О жизни, учениях и изречениях знаменитых философов - [51]

Шрифт
Интервал

Он соединил учения Гераклита, Пифагора и Сократа: о чувственно воспринимаемом он рассуждал по Гераклиту, об умопостигаемом — по Пифагору, а об общественном — по Сократу. Диону в Сицилии он поручил купить у Филолая три пифагорейские книги за сто мин (так говорит Сатир и некоторые другие) — достатком для этого он располагал, потому что от Дионисия он получил более 80 талантов (о чем пишет и Онетор в книге под заглавием "Наживаться ли мудрецу?").

Многим он воспользовался и у Эпихарма, сочинителя комедий, переписав у него немалые части, — так утверждает Алким в четырех книгах "К Аминту".[250] В книге он пишет: "Очевидным представляется, что Платон многое говорит, следуя Эпихарму. Рассмотрим это. Платон утверждает, что чувственно воспринимаемое никогда не пребывает в своем качестве и количестве, но постоянно течет и меняется — словно отнимаешь число от того, что не имеет ни равенства, ни определенности, ни количества, ни качества.[251] Таково все, в чем становление вечно, а сущности нет. И только умопостигаемое не знает ни убыли, ни прибыли: природе вечного приходится быть всегда подобной и тождественной самой себе. Так вот, Эпихарм о чувственно воспринимаемом и об умопостигаемом ясно сказал так:

— Но ведь боги были вечно, ни на миг не отсутствуя, Всё всегда таково, как ныне, одним и тем же держится! — Что же, молвят, будто Хаос первым возник из всех богов? — Вздор! ведь и не из чего было возникнуть первовозникшему! — Значит, первого не было вовсе? — И второго не было!
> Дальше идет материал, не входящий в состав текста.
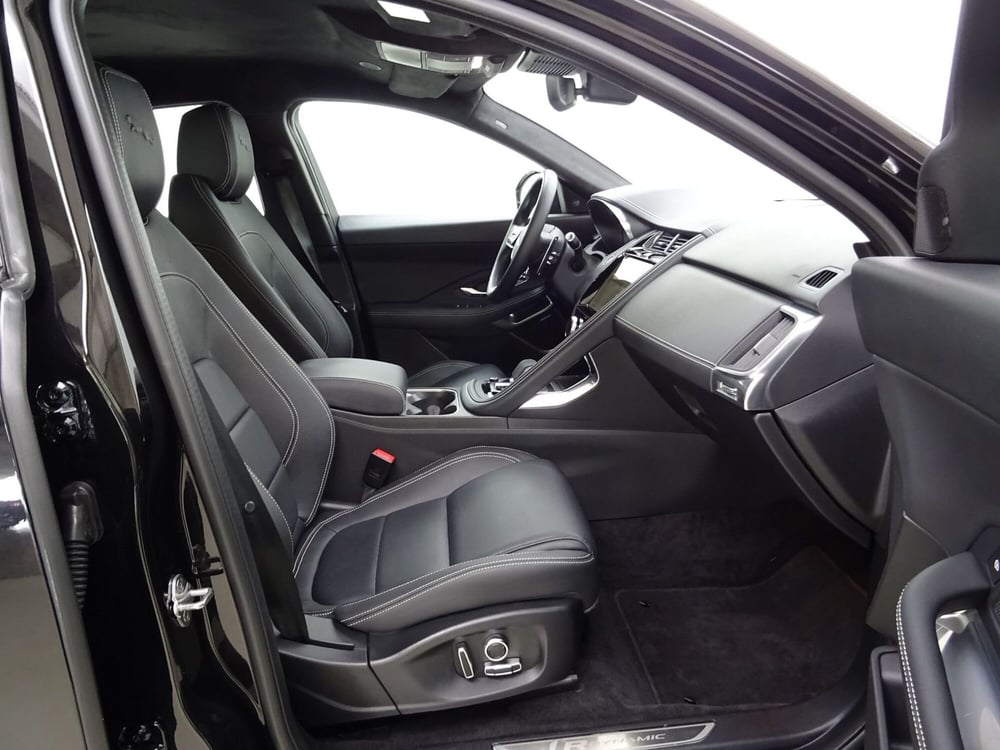 Jaguar E-Pace usata a Como (3)
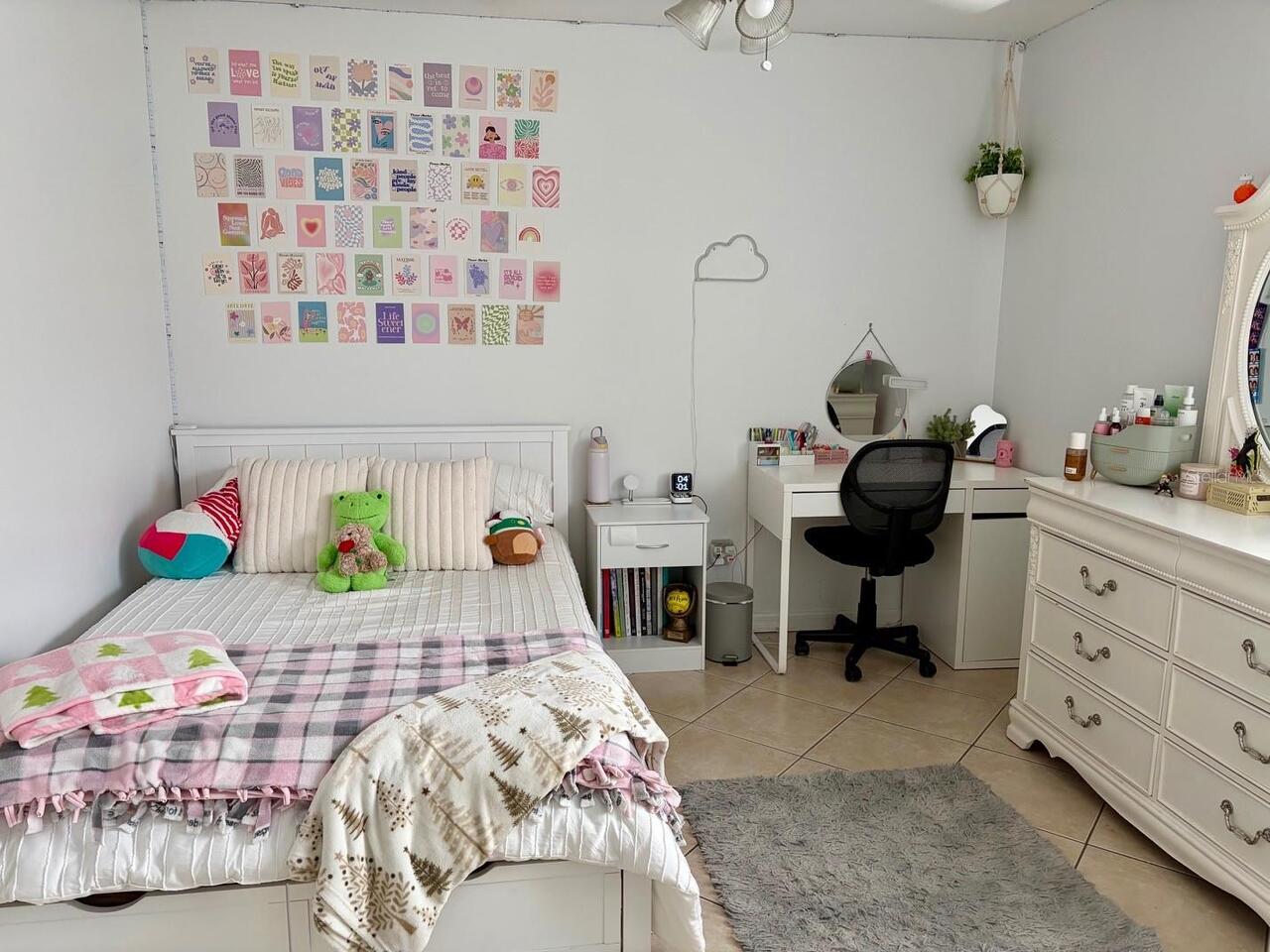 Listing Photo 11
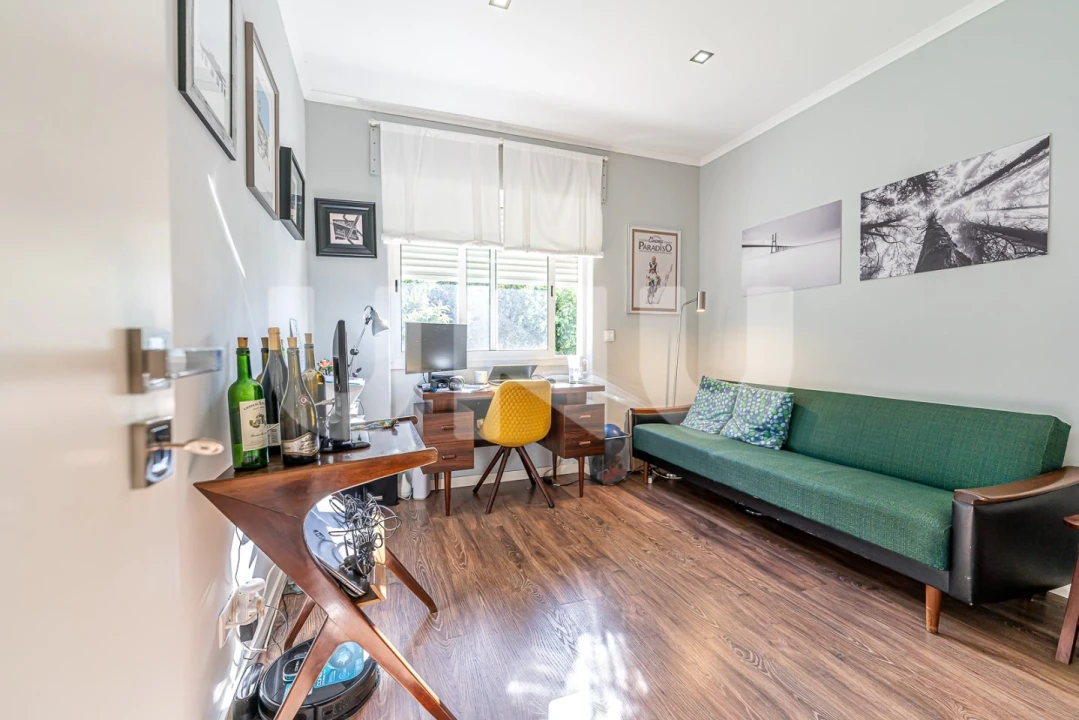 Moradia T3 para Venda em Algés, Linda-A-Velha e Cruz Quebrada-Dafundo Foto 4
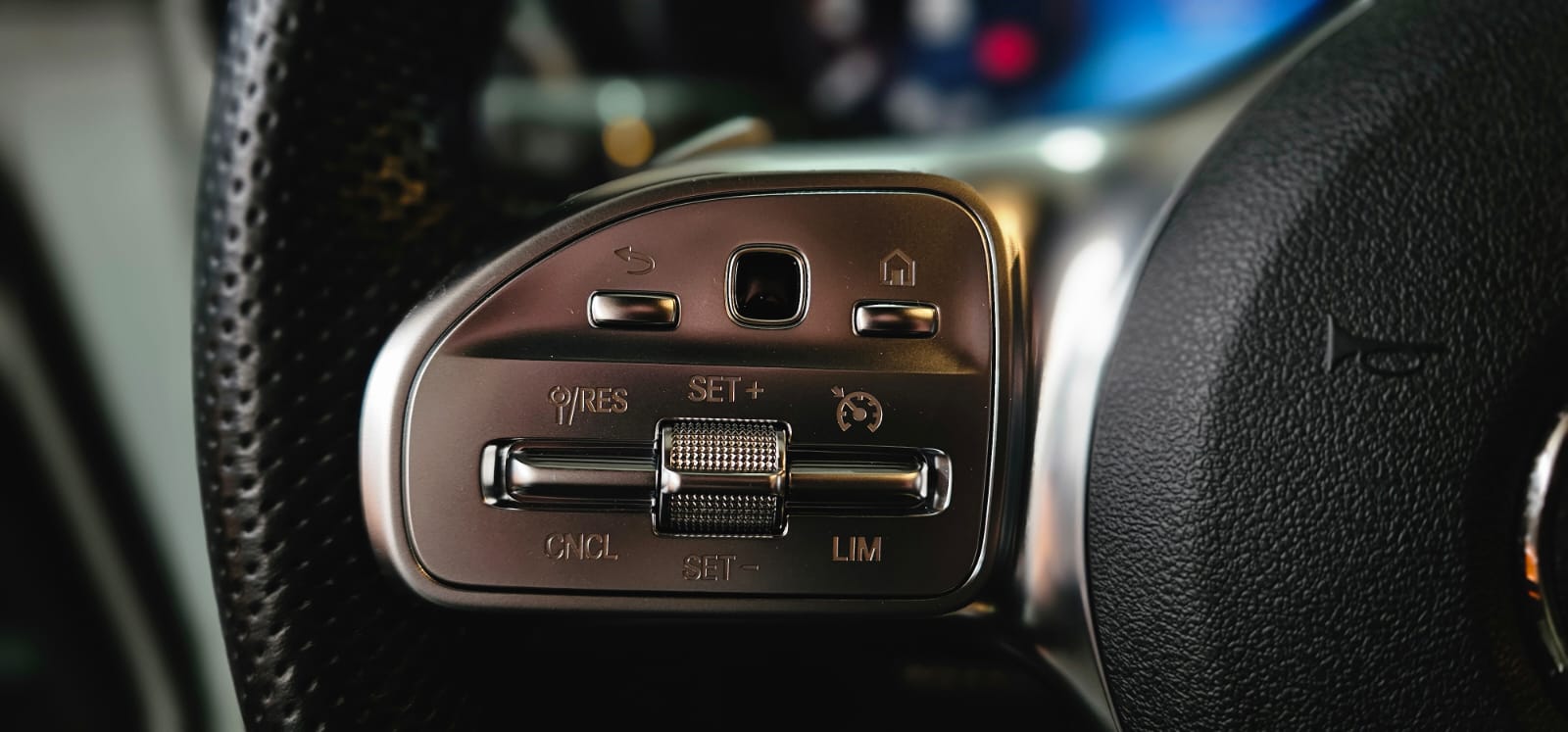 MERCEDES-BENZ C 220 d Swiss Star AMG Line 4M 9G-Tronic *CH-Fahrzeug*-image-15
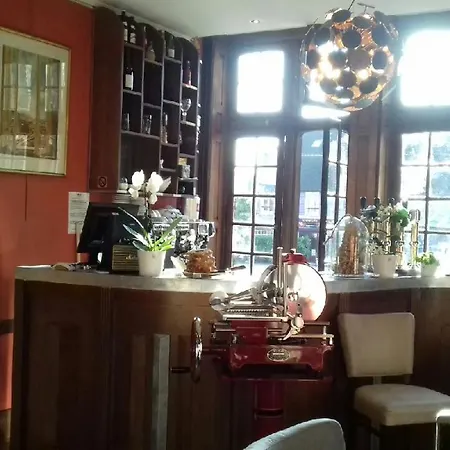 La Maison Des Arts Bed and breakfast *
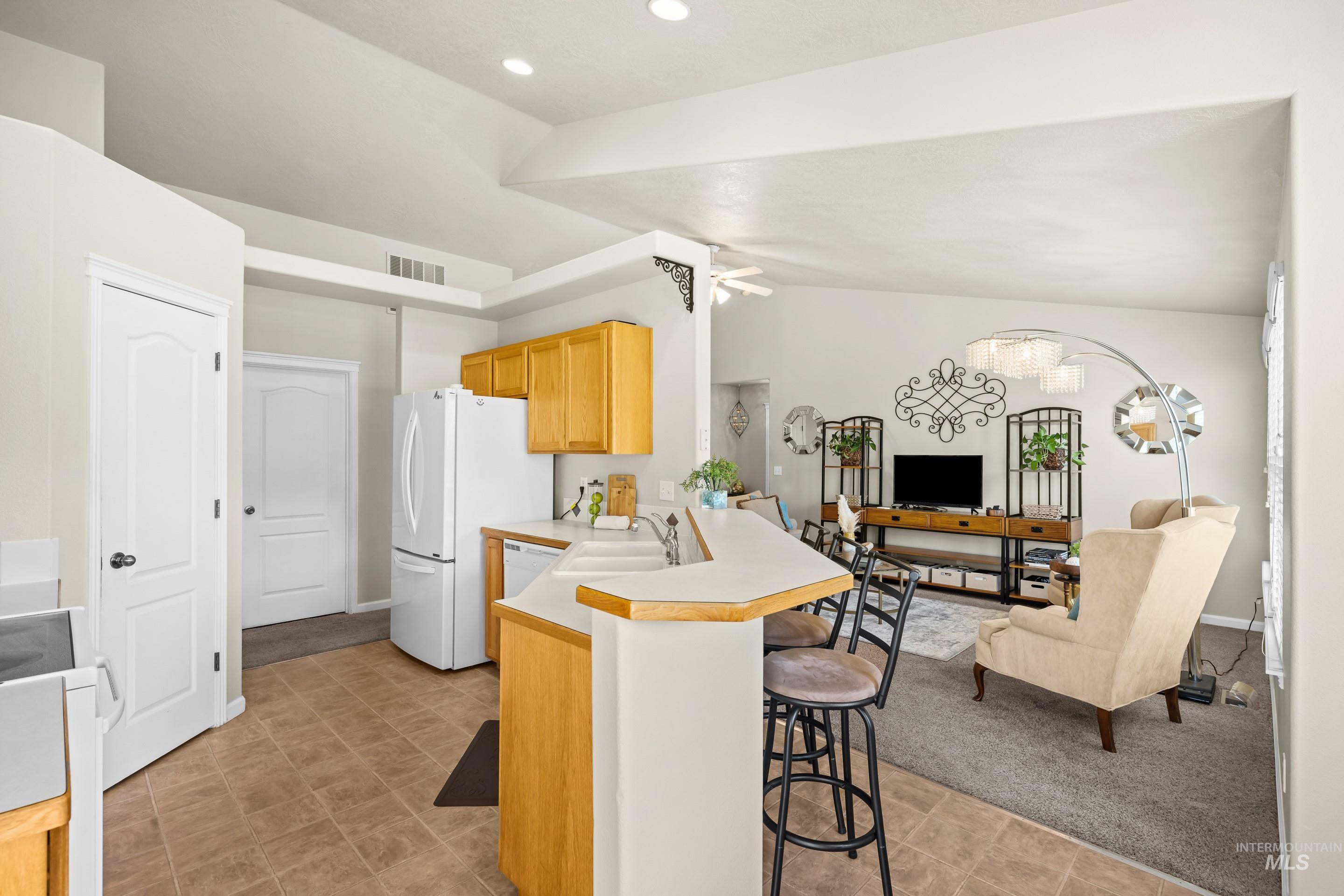 8671 W Thunder Mountain Dr, Boise, Idaho 83709, 3 Bedrooms, 2 Bathrooms, Residential For Sale, Price $414,900, 98993402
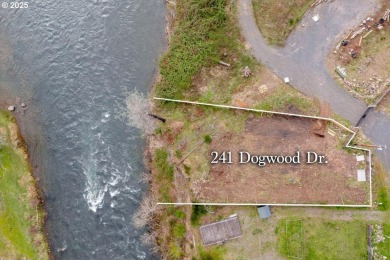 Lake Home For Sale in Gates, Oregon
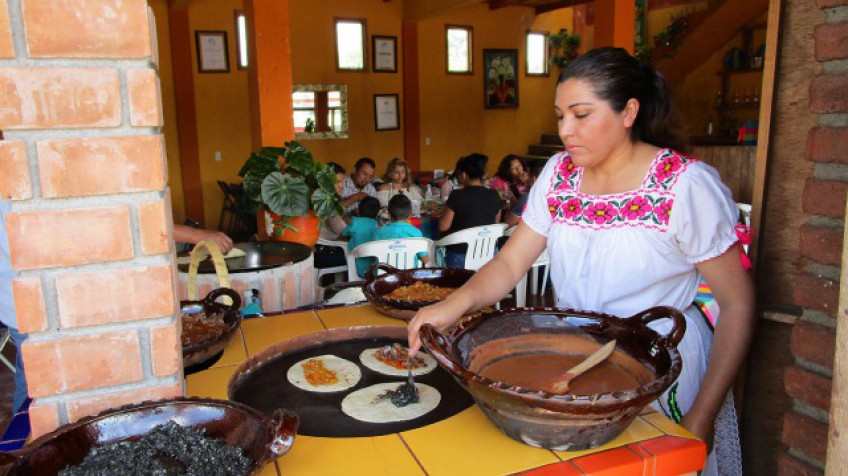 Cocineras Tradicionales, detonante del turismo gastronómico en Michoacán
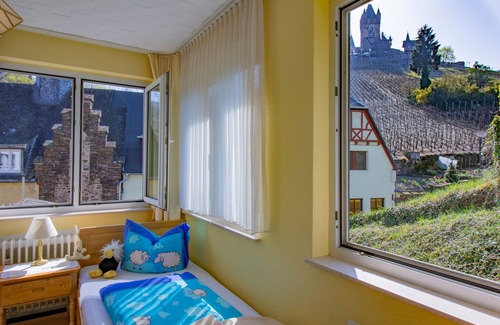 Cochem Hotel | Villa Tummelchen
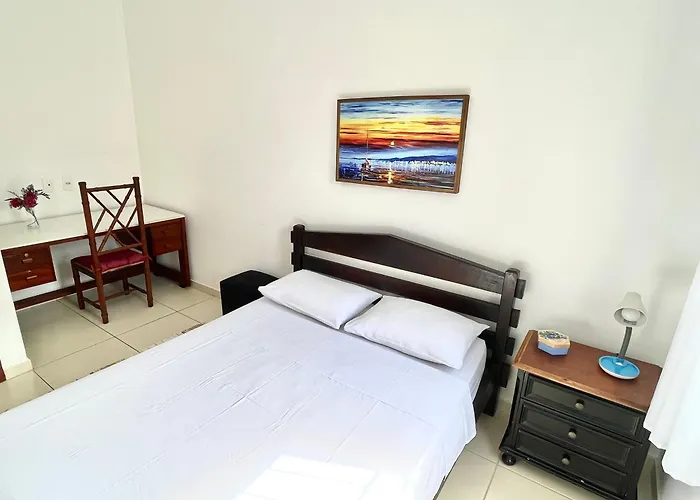 Apartamento Privado - 2 quartos, varanda, sala e cozinha integrada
Все, о чем мы здесь толкуем, спокон веку таково!.. … — Ну а если к четному числу или нечетному Мы прибавим или отнимем единичку-камушек, — Разве число останется тем же? — Ясно, что изменится. — Ну а если к мерке в локоть мы прибавим хоть чуть-чуть Или хоть чуть-чуть отнимем из того, что было в ней, — Разве она останется прежней? — Нет, никоим образом. — Меж людьми мы видим то же: толстеет один, худеет другой. Так все время, так все время люди изменяются. А то, что меняется по природе, не застывая ни на миг, Непременно будет отличным от неизмененного. Вчера мы — одни, сегодня — другие, завтра будем третьими, Но никогда не одни и те же — уж таков порядок вещей.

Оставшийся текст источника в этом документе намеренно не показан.